In justifying its decision, the Supreme Court pointed to the fact that California already permitted many forms gambling in the state, including bingo and a lottery.
The ruling opened the door for tribal gaming nationwide, just like the current New Jersey case could do in the context of sports wagering.
Congress moved swiftly after the Supreme Court’s Cabazon decision and enacted the Indian Gaming Regulatory Act (IGRA) the very next year.
The IGRA provided a federal framework for tribal gaming, a blueprint that remains in place today and is overseen by the National Indian Gaming Commission.
“The Congress finds that…existing Federal law does not provide clear standards or regulations for the conduct of gaming on Indian lands,” stated the IGRA. “The purpose of this [law] is to provide a statutory basis for the operation of gaming by Indian tribes.”

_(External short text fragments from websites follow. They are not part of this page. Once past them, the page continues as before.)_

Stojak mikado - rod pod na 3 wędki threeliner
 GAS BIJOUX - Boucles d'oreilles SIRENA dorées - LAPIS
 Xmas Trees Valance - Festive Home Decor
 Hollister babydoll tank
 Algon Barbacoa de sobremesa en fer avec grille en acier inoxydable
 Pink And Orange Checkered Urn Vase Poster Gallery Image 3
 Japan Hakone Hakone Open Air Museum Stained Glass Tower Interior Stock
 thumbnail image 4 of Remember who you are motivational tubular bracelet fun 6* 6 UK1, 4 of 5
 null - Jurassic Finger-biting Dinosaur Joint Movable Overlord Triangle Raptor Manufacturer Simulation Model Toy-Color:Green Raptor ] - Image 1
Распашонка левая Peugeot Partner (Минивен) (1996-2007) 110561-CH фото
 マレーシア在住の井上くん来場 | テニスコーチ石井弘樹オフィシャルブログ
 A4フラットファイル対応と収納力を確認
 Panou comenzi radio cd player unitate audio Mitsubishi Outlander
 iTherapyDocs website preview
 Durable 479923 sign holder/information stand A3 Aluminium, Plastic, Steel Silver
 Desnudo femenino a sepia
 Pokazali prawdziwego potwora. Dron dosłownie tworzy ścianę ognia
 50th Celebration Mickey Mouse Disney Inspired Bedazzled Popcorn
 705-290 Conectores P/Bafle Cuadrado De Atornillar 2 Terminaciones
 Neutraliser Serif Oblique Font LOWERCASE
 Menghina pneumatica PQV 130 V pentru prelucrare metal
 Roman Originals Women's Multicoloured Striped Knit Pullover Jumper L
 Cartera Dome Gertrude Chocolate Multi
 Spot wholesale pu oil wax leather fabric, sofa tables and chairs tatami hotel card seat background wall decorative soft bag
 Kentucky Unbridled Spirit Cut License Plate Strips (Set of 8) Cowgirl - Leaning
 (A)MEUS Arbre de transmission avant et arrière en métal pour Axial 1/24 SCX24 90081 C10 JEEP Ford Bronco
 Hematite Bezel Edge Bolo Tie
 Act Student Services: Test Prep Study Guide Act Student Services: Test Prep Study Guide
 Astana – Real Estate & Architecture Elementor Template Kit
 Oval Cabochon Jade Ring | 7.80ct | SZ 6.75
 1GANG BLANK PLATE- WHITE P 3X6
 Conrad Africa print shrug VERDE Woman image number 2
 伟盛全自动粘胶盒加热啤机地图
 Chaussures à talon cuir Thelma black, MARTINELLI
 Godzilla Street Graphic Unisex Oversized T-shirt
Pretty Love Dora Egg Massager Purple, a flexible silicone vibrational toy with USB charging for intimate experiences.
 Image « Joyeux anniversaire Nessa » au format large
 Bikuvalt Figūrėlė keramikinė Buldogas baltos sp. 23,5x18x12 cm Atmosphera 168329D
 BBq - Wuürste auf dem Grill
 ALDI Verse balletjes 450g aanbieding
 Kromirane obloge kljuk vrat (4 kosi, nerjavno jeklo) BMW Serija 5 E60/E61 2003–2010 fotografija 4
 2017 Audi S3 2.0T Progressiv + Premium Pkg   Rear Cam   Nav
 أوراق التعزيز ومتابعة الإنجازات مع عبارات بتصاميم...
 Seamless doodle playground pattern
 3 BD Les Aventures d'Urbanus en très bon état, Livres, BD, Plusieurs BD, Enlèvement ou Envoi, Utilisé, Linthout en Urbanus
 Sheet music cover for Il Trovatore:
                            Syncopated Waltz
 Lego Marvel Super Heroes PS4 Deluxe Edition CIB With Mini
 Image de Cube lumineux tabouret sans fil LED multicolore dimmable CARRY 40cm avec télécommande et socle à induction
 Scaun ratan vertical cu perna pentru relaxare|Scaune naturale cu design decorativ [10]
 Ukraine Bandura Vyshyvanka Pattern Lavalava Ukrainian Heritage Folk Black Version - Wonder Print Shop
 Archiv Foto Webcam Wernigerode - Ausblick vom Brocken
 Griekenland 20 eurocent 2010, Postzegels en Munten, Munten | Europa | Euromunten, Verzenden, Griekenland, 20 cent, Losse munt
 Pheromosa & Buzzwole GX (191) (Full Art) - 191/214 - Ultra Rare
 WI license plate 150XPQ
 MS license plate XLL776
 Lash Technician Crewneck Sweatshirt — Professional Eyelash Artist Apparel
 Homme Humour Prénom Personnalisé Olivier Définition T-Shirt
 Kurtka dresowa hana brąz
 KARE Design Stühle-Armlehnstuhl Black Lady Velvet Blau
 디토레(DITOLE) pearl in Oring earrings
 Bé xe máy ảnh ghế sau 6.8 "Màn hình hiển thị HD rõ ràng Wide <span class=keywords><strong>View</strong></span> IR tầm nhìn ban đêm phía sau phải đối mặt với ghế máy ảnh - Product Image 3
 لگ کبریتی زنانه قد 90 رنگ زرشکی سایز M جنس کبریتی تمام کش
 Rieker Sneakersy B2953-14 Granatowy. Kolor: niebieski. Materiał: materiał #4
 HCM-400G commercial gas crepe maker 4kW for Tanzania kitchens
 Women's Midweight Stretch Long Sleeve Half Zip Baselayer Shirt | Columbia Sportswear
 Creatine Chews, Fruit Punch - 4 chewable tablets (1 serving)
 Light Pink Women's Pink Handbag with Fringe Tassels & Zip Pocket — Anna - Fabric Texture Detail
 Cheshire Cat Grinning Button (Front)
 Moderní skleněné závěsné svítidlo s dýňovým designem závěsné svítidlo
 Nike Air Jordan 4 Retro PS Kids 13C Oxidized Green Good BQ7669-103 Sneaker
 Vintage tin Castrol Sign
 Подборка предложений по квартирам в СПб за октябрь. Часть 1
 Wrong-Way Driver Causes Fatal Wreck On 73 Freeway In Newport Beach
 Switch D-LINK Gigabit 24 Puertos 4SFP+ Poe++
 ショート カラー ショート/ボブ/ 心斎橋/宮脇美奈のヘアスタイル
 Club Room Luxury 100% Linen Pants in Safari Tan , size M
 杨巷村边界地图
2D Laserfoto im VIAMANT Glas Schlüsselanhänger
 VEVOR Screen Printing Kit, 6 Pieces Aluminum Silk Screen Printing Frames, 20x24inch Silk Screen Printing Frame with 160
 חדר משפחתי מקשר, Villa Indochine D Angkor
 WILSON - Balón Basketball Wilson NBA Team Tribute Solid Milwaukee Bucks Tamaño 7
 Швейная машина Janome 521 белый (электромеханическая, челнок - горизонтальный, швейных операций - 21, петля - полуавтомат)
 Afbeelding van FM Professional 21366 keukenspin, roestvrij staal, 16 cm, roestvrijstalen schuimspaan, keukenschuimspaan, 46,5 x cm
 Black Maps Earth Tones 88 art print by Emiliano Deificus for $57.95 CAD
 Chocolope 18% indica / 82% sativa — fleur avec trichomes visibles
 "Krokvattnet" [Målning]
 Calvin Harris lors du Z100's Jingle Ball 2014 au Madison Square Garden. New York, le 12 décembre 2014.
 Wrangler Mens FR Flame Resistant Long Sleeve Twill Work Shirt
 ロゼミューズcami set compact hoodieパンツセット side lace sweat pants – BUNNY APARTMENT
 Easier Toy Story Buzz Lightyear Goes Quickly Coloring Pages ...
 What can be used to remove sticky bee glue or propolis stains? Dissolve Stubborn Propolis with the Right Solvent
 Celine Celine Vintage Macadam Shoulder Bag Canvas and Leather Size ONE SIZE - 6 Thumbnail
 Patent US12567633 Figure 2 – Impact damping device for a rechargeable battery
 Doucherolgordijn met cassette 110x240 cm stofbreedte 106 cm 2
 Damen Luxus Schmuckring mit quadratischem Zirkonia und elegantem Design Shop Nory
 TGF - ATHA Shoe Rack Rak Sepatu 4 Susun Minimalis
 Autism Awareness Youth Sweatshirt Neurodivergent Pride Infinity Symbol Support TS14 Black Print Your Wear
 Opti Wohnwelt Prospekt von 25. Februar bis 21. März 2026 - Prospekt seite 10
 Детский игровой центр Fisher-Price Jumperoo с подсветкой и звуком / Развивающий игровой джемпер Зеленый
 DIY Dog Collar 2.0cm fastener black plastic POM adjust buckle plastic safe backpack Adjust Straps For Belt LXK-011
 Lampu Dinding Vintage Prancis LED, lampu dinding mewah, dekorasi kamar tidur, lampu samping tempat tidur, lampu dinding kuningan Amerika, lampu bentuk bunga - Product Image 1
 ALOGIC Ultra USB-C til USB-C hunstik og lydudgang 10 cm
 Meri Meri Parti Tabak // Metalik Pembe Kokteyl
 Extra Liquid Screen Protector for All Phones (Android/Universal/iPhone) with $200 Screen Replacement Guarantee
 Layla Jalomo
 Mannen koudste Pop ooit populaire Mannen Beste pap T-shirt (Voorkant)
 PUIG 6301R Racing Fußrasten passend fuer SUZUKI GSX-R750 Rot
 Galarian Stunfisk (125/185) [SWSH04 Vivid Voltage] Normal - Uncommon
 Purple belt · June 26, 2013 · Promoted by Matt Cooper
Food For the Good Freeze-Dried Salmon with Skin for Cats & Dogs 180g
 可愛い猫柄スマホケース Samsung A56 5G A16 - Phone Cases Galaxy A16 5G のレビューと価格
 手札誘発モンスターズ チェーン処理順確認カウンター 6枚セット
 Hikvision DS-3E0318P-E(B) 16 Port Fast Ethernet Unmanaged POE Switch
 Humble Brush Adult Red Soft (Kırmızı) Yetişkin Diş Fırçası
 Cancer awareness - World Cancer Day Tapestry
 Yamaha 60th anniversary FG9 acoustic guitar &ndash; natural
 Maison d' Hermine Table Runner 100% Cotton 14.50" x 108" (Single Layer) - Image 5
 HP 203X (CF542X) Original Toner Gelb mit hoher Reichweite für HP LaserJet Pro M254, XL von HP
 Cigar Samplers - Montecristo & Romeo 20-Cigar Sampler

The judicial-legislative two-step with the Cabazon Supreme Court decision being quickly followed by Congressional enactment of the IGRA is the same type of cause-and-effect that could happen in the sports betting context.
Of all the sub-issues lurking in the Supreme Court’s sports betting case, the prospect of an unregulated environment where “anything goes” is among the most likely topics to garner the attention of Congress.
A revealing exchange between Chief Justice John Roberts and Deputy Solicitor General Jeffrey Wall during oral arguments provided a preview. The Office of the Solicitor General is the part of the Department of Justice that handles Supreme Court cases for the president. In relevant part:
Roberts: “[W]hat if the repeal is across the board, no exceptions?”
Wall: “If New Jersey just repeals its prohibitions, we have said we don’t have a problem with that.”
Roberts: “Well, is that serious? You have no problem if there’s no prohibition at all and anybody can engage in any kind of gambling they want, a 12-year-old can come into the casino — you’re not serious about that.”
Wall: “I’m very serious about it, Mr. Chief Justice.”
At a later stage of the oral argument, Wall speculated on what it would take to get the attention of Congress.
“[I]f states start lifting their prohibitions in whole, I think Congress may well want to revisit that,” said Wall.
Like the 1987 Cabazon Supreme Court case, the pending New Jersey case could propel Congress to action.
If the Supreme Court strikes down PASPA entirely as a violation of the Tenth Amendment, then Congress may look to fill the gap with a new law that does not run afoul of the Constitution.
Alternatively, if New Jersey earns a narrow victory that upholds its “partial repeal” but otherwise leaves PASPA in place, federal lawmakers may look to the Roberts-Wall exchange during oral argument as a preview of what would happen if other states follow New Jersey’s lead and move to repeal their laws in whole or in part and leave a regulatory void.
Finally, if the five sports leagues prevail in the SCOTUS case, keeping PASPA as the status quo may seem undesirable too, with about 20 states who would prefer to determine for themselves whether sports gambling is to be permitted as a matter of state law.
The Congressional holding pattern on sports betting is unlikely to last.
And the Supreme Court’s decision — irrespective of what the ruling is — will probably nudge federal lawmakers to act.